More experiments

cg123 · cg123 · commit d84402bc65f8 · 2025-03-24T12:42:15.000-07:00
diff --git a/mergekit/scripts/tokensurgeon.py b/mergekit/scripts/tokensurgeon.py
@@ -73,6 +73,13 @@ class WeightingScheme(enum.Enum):
     LEAST_SQUARES = "least_squares"
 
 
+class SubwordMethod(enum.Enum):
+    MEAN = "mean"
+    SUM = "sum"
+    WEIGHTED_MEAN = "weighted_mean"
+    FIRST_LAST = "first_last"
+
+
 def approximate_from_landmarks(
     targets: torch.Tensor,
     points: torch.Tensor,
@@ -304,7 +311,7 @@ class TokenSurgeonOptions(BaseModel):
     k: int = 8
     knn: bool = True
     cosine_similarity: bool = False
-    average: bool = True
+    subword_method: SubwordMethod = SubwordMethod.MEAN
     batch_size: Optional[int] = None
 
 
@@ -447,6 +454,7 @@ def get_out_arch_info(
 def subword_approximate(
     orig_embed: torch.Tensor,
     target_tokens: List[NormalizedToken],
+    is_lm_head: bool,
     options: TokenSurgeonOptions,
 ) -> torch.Tensor:
     res = torch.zeros(
@@ -463,10 +471,31 @@ def subword_approximate(
     for idx, token in enumerate(target_tokens):
         text = unnormalize_token(token)
         token_ids = tok_0(text, add_special_tokens=False)["input_ids"]
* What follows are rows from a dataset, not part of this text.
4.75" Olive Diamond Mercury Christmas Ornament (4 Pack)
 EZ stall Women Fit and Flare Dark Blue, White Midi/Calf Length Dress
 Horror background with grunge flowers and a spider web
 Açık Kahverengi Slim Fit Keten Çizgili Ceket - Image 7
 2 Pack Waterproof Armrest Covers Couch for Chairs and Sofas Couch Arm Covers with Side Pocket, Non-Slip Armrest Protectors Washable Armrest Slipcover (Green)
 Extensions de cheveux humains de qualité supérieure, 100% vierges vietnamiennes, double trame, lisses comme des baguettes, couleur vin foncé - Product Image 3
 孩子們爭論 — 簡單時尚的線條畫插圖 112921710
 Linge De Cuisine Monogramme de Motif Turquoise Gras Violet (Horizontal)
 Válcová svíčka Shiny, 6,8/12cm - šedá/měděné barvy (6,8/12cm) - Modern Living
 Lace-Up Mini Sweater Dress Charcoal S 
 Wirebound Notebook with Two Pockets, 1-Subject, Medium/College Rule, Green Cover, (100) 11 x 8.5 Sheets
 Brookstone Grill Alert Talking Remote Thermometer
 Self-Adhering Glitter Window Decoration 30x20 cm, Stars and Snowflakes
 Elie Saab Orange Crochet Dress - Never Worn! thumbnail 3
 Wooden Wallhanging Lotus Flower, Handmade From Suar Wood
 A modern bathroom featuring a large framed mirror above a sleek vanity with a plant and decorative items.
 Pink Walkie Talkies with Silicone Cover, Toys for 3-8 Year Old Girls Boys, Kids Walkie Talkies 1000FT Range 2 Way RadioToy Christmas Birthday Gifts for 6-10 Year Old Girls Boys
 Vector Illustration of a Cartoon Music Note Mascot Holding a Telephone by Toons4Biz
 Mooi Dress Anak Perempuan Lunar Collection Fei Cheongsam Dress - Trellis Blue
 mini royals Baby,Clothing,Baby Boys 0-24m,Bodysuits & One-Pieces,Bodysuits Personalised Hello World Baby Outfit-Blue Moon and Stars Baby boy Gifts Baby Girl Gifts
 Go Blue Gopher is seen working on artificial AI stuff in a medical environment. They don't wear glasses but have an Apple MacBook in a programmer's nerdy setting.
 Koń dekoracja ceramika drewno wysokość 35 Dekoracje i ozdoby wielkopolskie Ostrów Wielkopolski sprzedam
-        for id in token_ids:
-            res[idx] += orig_embed[id]
-        if options.average and len(token_ids) > 0:
-            res[idx] /= len(token_ids)
+
+        if options.subword_method in (SubwordMethod.MEAN, SubwordMethod.SUM):
+            for id in token_ids:
+                res[idx] += orig_embed[id]
+            if options.subword_method == SubwordMethod.MEAN and len(token_ids) > 0:
+                res[idx] /= len(token_ids)
+        elif options.subword_method == SubwordMethod.WEIGHTED_MEAN:
+            weights = list(range(1, len(token_ids) + 1))
+            if not is_lm_head:
+                # for embed_tokens, want last token to have highest weight
+                # (vs. first token for lm_head)
+                weights = weights[::-1]
+            for id, weight in zip(token_ids, weights):
+                res[idx] += weight * orig_embed[id]
+            if len(token_ids) > 0:
+                res[idx] /= sum(weights)
+        elif options.subword_method == SubwordMethod.FIRST_LAST:
+            if len(token_ids) == 0:
+                continue
+            if is_lm_head:
+                res[idx] = orig_embed[token_ids[0]]
+            else:
+                res[idx] = orig_embed[token_ids[-1]]
+        else:
+            raise ValueError(f"Unknown subword method: {options.subword_method}")
     return res
 
 
@@ -476,6 +505,7 @@ def compute_new_embeddings(
     orig_vocab: Dict[NormalizedToken, int],
     donor_vocab: Dict[NormalizedToken, int],
     target_tokens: List[NormalizedToken],
+    is_lm_head: bool,
     options: TokenSurgeonOptions,
 ) -> torch.Tensor:
     assert all(t in donor_vocab for t in target_tokens)
@@ -524,21 +554,15 @@ def compute_new_embeddings(
             torch.tensor([orig_vocab[t] for t in shared_vocab])
         ]
         targets = donor_embed[torch.tensor([donor_vocab[t] for t in target_tokens])]
-        print(
-            f"OMP: {len(shared_vocab)} shared tokens, {len(target_tokens)} targets, k={options.k}"
-        )
         indices, coeffs = batch_omp(targets, donor_shared_embeds, options.k)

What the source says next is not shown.